Echocardiographic predictors of cardiovascular and non-cardiovascular deaths

In patients with HFpEF, low serum sodium is also associated with an increased risk of adverse events, although there is uncertainty regarding its mechanisms and treatment. Reflecting elevated left ventricular filling pressure and proportionally related to systolic pulmonary artery pressure and right heart modelling, pulmonary pressures have shown important diagnostic and prognostic significance in HFpEF.¹⁰ In previous publications from the KaRen cohort, higher tricuspid regurgitation velocity during exercise was independently associated with all-cause mortality and HF hospitalization during both short-term³³ and long-term follow-ups.²⁰ In the current analysis, we extend these findings by demonstrating that high tricuspid regurgitation (>3.1 m/s) was associated with increased risk of CV death. The mechanism of tricuspid regurgitation in HFpEF is likely multifactorial. However, a relationship between cardiac abnormalities such as higher tricuspid regurgitation and the comorbidity-inflammation burden in HFpEF has been reported by Sanders-van Wijk et al.²² Hence, the role of tricuspid regurgitation in addition to cardiac dysfunction may be key to understand the pathophysiology of HFpEF.

Limitations

The KaRen study includes a large number of well-characterized HFpEF patients; however, several limitations can be identified in our study.

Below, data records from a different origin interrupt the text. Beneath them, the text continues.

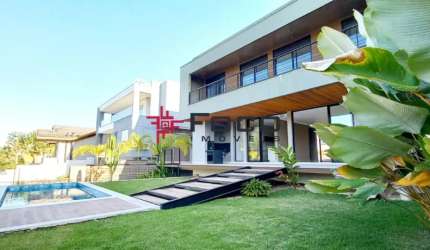 LT Casa / Condomínio Reserva do Paratehy Norte / Urbanova / 05 Dormitórios / 370m² / São José dos Campos
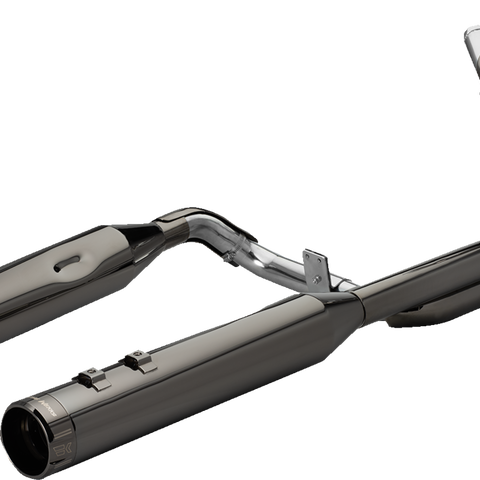 KHROME WERKS 201500 Dominator Exhaust System with 4-1/2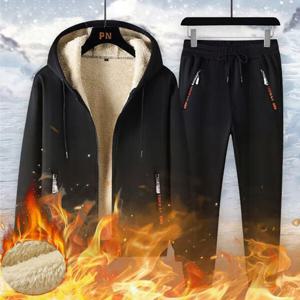 융털 팬츠 패딩 점퍼 세트 작업복 등산 겨울 기모후드집업 패딩바지 기모팬츠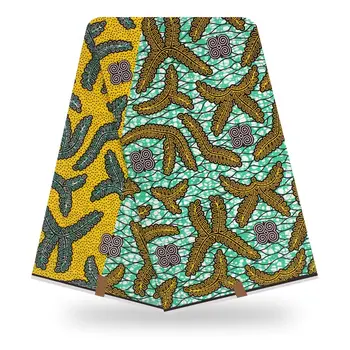 Wholesale! 2019 New Arrival 100%Cotton African Wax Cloth Veritable Wax African Real print Wax For Ankara Dress 6Yards/Piece
Wholesale! 2019 New Arrival 100%Cotton African Wax Cloth Veritable Wax African Real print Wax For Ankara Dress 6Yards/Piece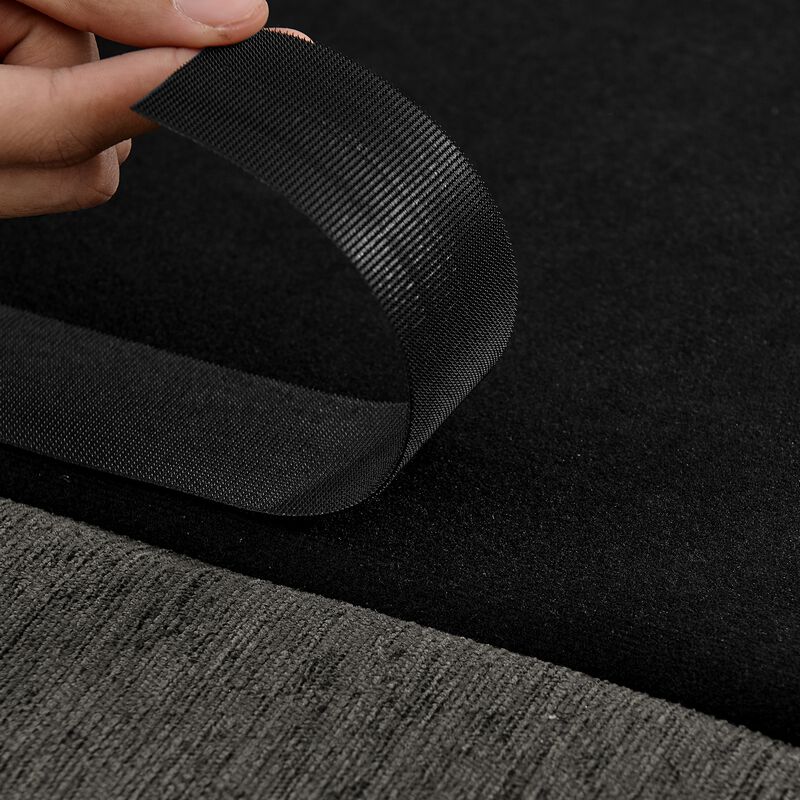 Modern Dog Bed Pet Sofa Oval Semi-Enclosed Dog Sofa Linen Soft Pet Couch image number 6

We were unable to identify the cause of death in 15% and 1.4% of the patients in France and Sweden, respectively. Some French patients were not available for follow-up analysis and models were restricted to patients with complete baseline and follow-up data, reducing the sample size and potentially introducing selection bias. Furthermore, the modest sample size may have been inadequate for adjusted analysis to detect important predictors of outcome, and our analysis did not include HFrEF or a healthy control population, which limits our comparisons to data from the literature. Patients with EF ≥ 45% were recruited in the KaRen study,⁸ and for consistency and comparison through previous KaRen studies, the current analysis included patients (n = 6) with HFmrEF according to recent diagnostic criteria for HF. The causes of syncope due to tachyarrhythmia were not available and only one patient (0.3% of all patients) had implantable cardioverter defibrillator (ICD) prior to admission. However, there was no certain indication for more use of HF devices as 60% of all patients had de novo HF, with preserved EF and mild HF symptoms in stable state prior to admission.